Royal Bank of Scotland boss Stephen Hester defended his right to a massive bonus payment this week, only days after the bank was fined over $500 million for rigging LIBOR and ripping off the public. The same public that pay his massive wage, as well as his bonus, given the bank is 81 per cent owned by British taxpayers after the lender was bailed out by the government in 2008. Defending himself, Hester said he had managed to get taxpayers off the hook from some of the bank’s huge liabilities, and has done big things to rescue the lender’s perilous situation. Which is quite nice, except that all of these things occurred as he presided over massive institutionalised corruption which has dragged the bank back into disgrace.
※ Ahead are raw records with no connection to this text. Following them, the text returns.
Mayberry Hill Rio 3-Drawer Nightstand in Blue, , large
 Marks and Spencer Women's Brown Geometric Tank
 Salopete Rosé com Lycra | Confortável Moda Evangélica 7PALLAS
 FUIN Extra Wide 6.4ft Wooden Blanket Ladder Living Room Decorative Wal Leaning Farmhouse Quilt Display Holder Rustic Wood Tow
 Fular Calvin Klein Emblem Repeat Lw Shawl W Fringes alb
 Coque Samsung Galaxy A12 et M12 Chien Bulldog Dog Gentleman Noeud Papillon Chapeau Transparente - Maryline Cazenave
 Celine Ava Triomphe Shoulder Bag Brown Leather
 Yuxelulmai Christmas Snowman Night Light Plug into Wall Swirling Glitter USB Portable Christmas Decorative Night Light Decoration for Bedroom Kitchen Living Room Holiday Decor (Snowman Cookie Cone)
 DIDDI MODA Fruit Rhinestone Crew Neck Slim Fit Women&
RBS chairman Philip Hampton called Hester's pay ‘modest’ when judged against his peers, in a comparison that clearly neglects to consider things like common sense, reason and real life.
– Opposition Leader Tony Abbott has banned Coalition MPs from leaving the country ahead of the election. Prime Minister Gillard has reportedly placed a similar ban on Labor MPs wanting to flee Labor before the vote.
– Bill Shorten has unveiled a government push to give victims of workplace bullying a better way to have their claims heard. The announcement was meant to be made by Kevin Rudd, but he apparently went home after Wayne Swan labelled him dysfunctional, a man of great weakness and accused him of self-interest, sabotage, and being deeply demeaning. Again.
– And finally, US President Barack Obama delivered his state of the union speech this week, at the relatively late time of after 9pm in New York. Liberal sources have urged Tony Abbott to follow a similar path for speeches when he is elected PM, so at least they have a good excuse for sleeping through them.